Bernie Sanders is a Senator from Vermont. He’s running for President of the USA for 2016. Known as a passionate social justice advocate, Bernie Sanders was apparently at Martin Luther King’s “I Have A Dream” speech, back in 1963.
Fast forward about 25 years, to Sanders doing an album of folk songs. Well, he doesn’t sing, but speechifies the lyrics of this most famous Woody Guthrie anthem. Maybe Sanders was paying homage to William Shatner’s cover of Mr. Tambourine Man.
Do you feel these recordings hurt or assist Sander’s effort to win the candidacy of the Democrats for the next election?
Well, what a depressing subject for a 1960s song, eulogizing not just one, two or three… but four assassinated US heroes:
Abraham Lincoln (1809-1865)
Martin Luther King, Jr. (1929-1968)
John F. Kennedy (1917-1963)
Robert F. Kennedy (1925-1968)
The soothing folk rock arrangement strikes a dissonant chord to the losses.
An assassination is when a well-known person is murdered. Obviously then, political assassinations have politicians as victims, maybe perpetrated for ideological motives. Assasinations could also be conducted in the name of religion and finance, or for the person doing the killing to get their name in the news.

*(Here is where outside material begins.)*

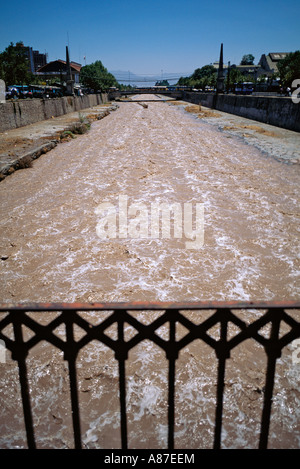 Vista da un ponte sul Rio Mapocho che corre attraverso Santiago del Cile Foto Stock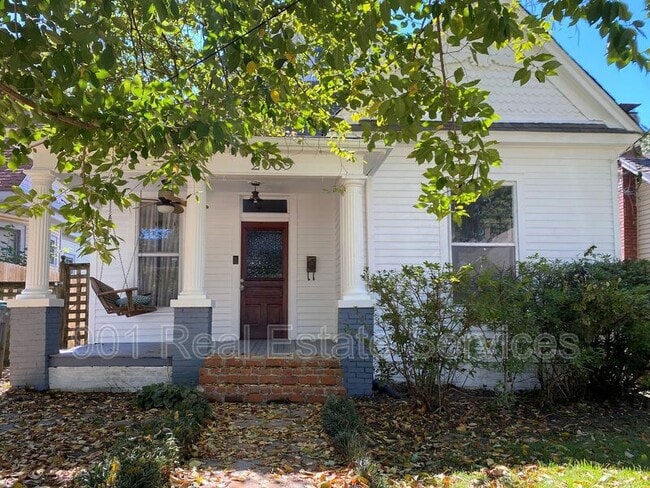 Photo - 2069 Vinton Ave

The song does not mention two other assassinated US presidents, if you care to make a guess who they might be. (Hint: they were both Republicans). Perhaps the song’s author, Dick Holler, and singer, Dion, were sticking to Democrats?
Simon and Garfunkel perform a straightforward rendition of Silent Night (which with their harmonizing is still impressive). Overdubbed is a mock newscast highlighting not peace but political turbulence circa 1966. Civil rights, housing, the Vietnam War, crime and drugs (comedian Lenny Bruce, who overdosed) are the issues and events detailed. The juxtaposition of a soothing carol with the bad news is jarring.
The true author of this song is unknown, as befits an authentic folk song that is adapted over time. It is somewhat based on an African-American gospel hymn, “I’ll Overcome Someday,” although this is disputed. It was Pete Seeger who popularized this most well-known of civil rights tunes in the late 1940s. Martin Luther King referred to the song days before his death.
Since then, the inspiring, yet general message – a promise of deliverance from tough times – has been sung for many causes. It is a comforting folk anthem that will forever bring hope to all those oppressed.
We must move past indecision to action. Now let us begin. Now let us rededicate ourselves to the long and bitter, but beautiful struggle for a new world. This is the calling of the sons of God, and our brothers wait eagerly for our response – Martin Luther King
From 2004, using ‘revolution’ in its broad sense (see The Clash, Revolution Rock), serious rapper Talib Kweli figures change has to come from people, for a few reasons:
American political parties, like the Democrats and Republicans, are interchangeable
Religion is preoccupied with gossip
Black history organizations are moribund and ineffective
Kweli’s disappointment in these institutions failing to bring change is manifested in the hook: he feels like laughing at their empty change rhetoric. Perhaps we’d have to look to other tunes by him to find his prescriptions.